I can say honestly that mine are not properly cared for. They haven’t been cleaned since I got them and while I try desperately to keep them in good shape, it seems like whenever something gets spilled or Jet gets sick and decides to throw up at 3 am he does so on my favorite rug. I’ve come to the conclusion that it’s his favorite too. This happened the other night and to add insult to injury it was raining. Pouring rain and cold. Jet was up all night making us very nervous with his licking at nothing, looking like he was choking and pacing back and forth. Up to the front door, circling, whining and back to his spot at the foot of our bed. So we got up, each taking turns rubbing his belly and asking, “do you think we should go to the emergency vet?” After a few rounds of this I said, “ok, let’s go for a walk.” I’ll take him for a walk and he’ll do his business and life will be fine. I’ll get an hour of sleep and we’ll move on. Well he didn’t do any business. He did pee on every errant bush, pole and curb along our cold, wet walk. Me? No jacket. No shoes. Jeans and a tee-shirt. Dumb. So, at 3 am me and my sick dog stroll down our temporary street in our temporary neighborhood in the pouring rain and returned home. Both of us soaking wet. Of course he waits until just inside the door to shake all that water off. Me… freezing cold, dripping wet, wide awake and not getting anymore sleep. I towel us off and crawl in bed anyway. Five minutes later… Mel is out of bed as his grumbling stomach is no better. Then he starts to circle and make that sound… It’s a horrible sound. His big shepherd ears slump out to the side instead of those proud erect ones he usually carries.
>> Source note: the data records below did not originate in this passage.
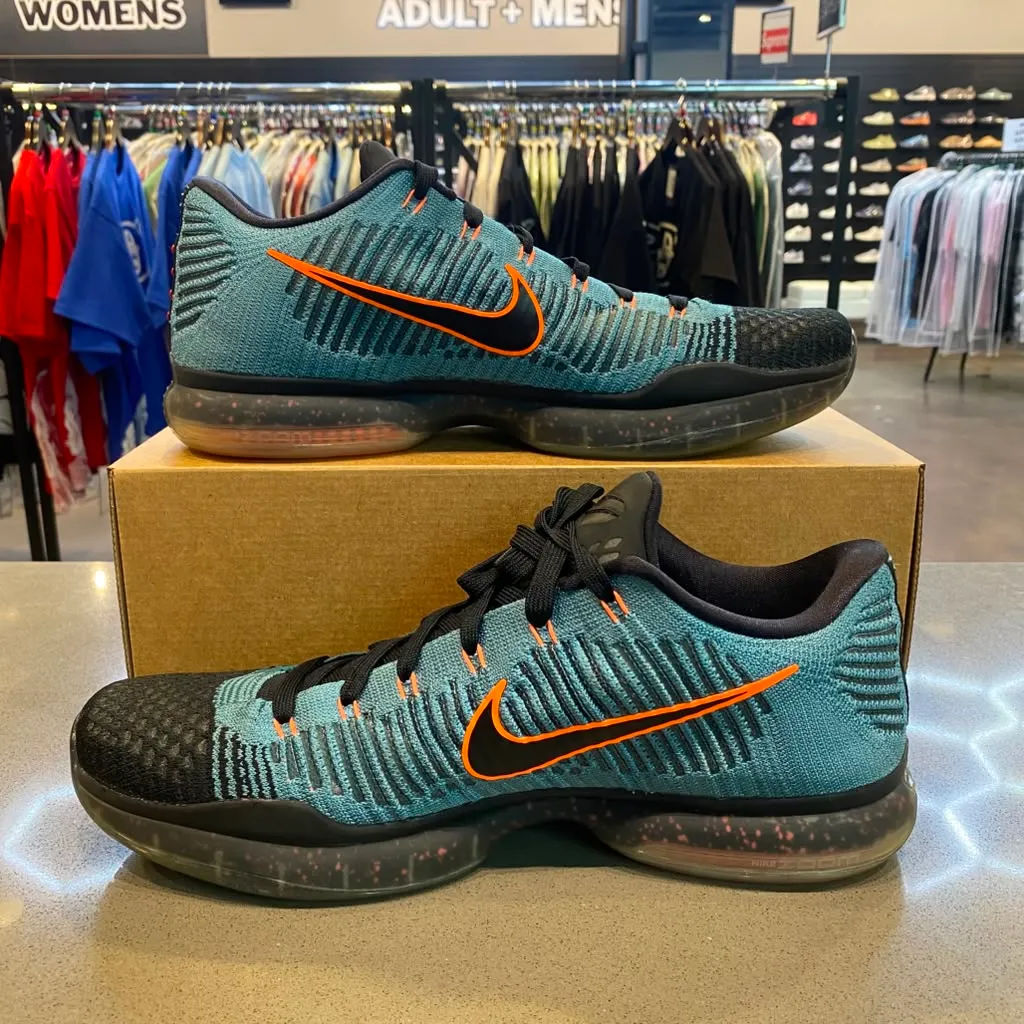 Nike Kobe 10 Elite Low Drill Sergeant Size 12 747212-303 - Pre-Owned (Replacement Box)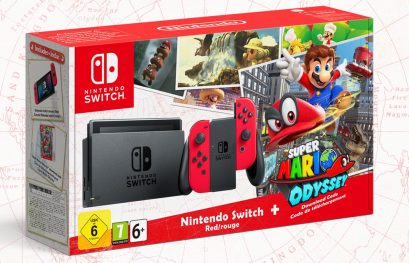 Super Mario Odyssey : Le pack Nintendo Switch confirmé avec plusieurs infos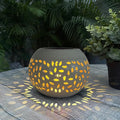 Backyard Solar Lanterns, Waterproof LED Patio Lights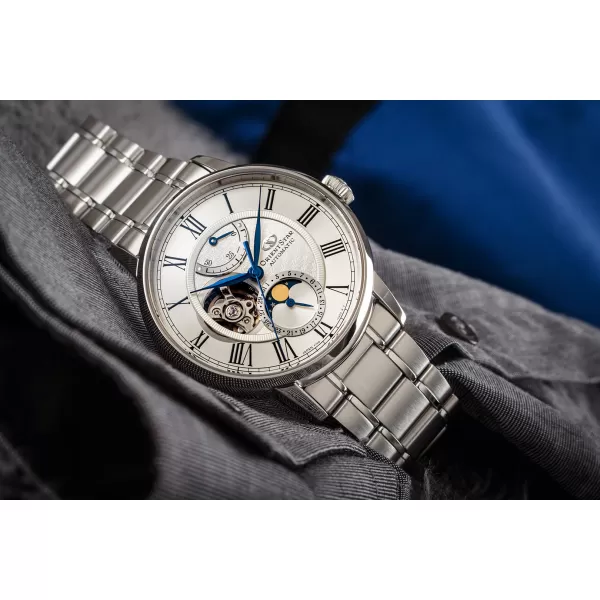 Orient Star Classic Moonphase Open Heart Automatic RE-AY0102S00B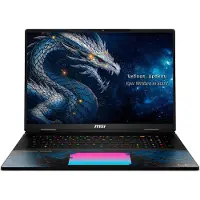 MSI Titan 18 HX Dragon Edition Draco Epic A2WJ-1218DE, Intel Core Ultra 9, 45,7 cm (18 inch), 3840 x 2400 pixels, 96 GB, 4 TB, Windows 11 Home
He threw up. A massive blob of undigested, very expensive food. And you know what? It was on my rug. His rug. Not on the hardwood floor. That would be too easy. Nope. We’ve had Jet for about three years and every, single time he’s gotten sick, it’s been on “our” red, silk Persian. He was fit as a fiddle after that. Tail wagging, prancing around like he won an award. And… up into one of two chairs we still own. Nite-nite.
The moral of the story? I don’t know the moral of the story but I know this. My grandmother had couches that were covered in plastic slip covers for her entire life. I remember as a kid, The plastic runners that protected her carpets from the front door to the kitchen. Tributaries of plastic meandered throughout her modest abode in South West Philadelphia. My ass never touched the fabric of those beautiful couches. My bare-feet were never allowed on those carpets. Some would say they were “properly cared for”. My grandmother died at 96. No one in my family has any of that furniture. The house sold to a complete stranger and all that “proper attention” at 54th and Gross street in Philadelphia went for naught. At least in my estimation. So, I guess I’ll enjoy my rugs in my way and Jet will enjoy his rug in his way. Either way… Someday… Someone, probably someone I don’t know, will inherit a work of art that has been walked on with the barest of feet, lived on, loved on, cried on and laughed on. And yes… puked on. And there’s nothing temporary about that.